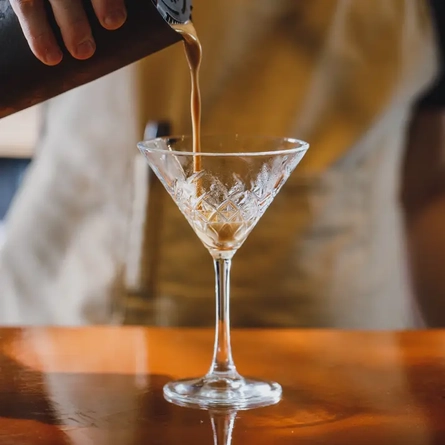 P&V_Crafted_Product-Lifestyle_Making-Espresso-Martini_2024_001.jpg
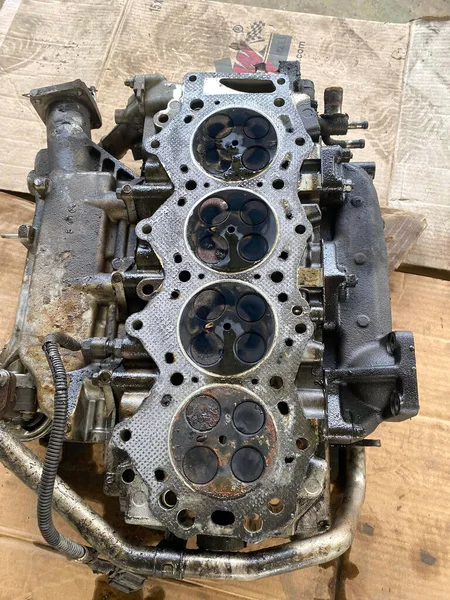 Garajdaki araba tamircisi.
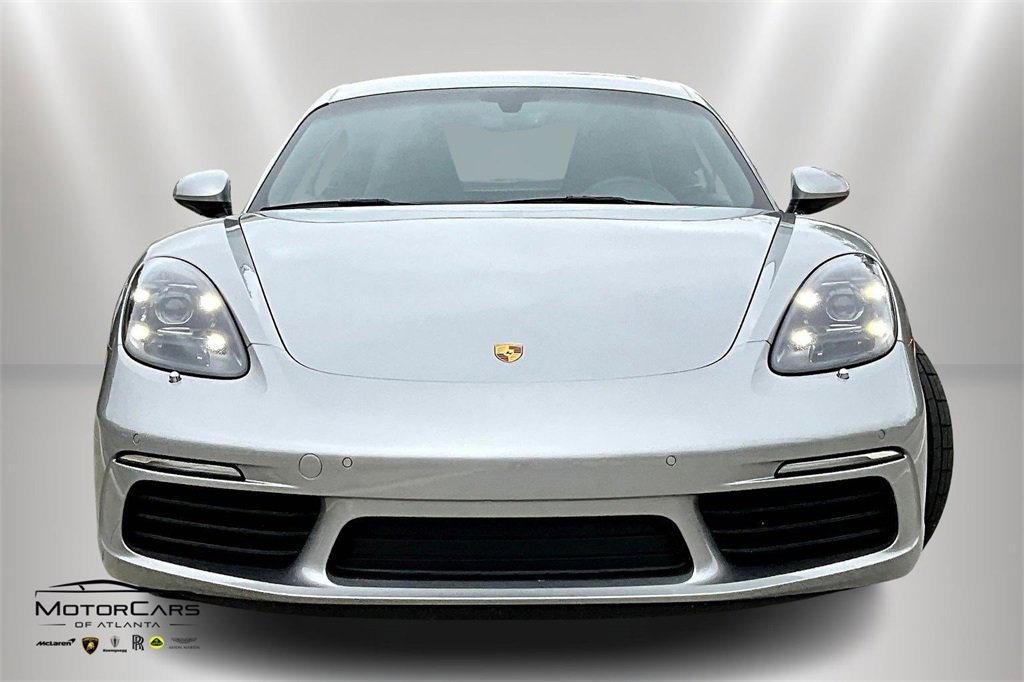 Used 2024 Porsche 718 Cayman image 3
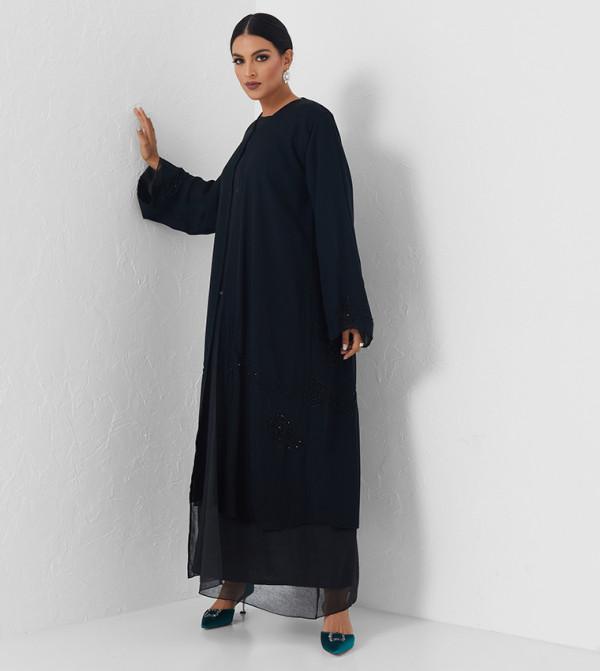 عباية باللون الأسود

**Task statement:**
The expected answer is the line with "Used 2024 Porsche 718 Cayman image 3" followed by every remaining line of the listing, each restated exactly, with all pictures dropped.

**Answer for the task:**
 Used 2024 Porsche 718 Cayman image 3
 عباية باللون الأسود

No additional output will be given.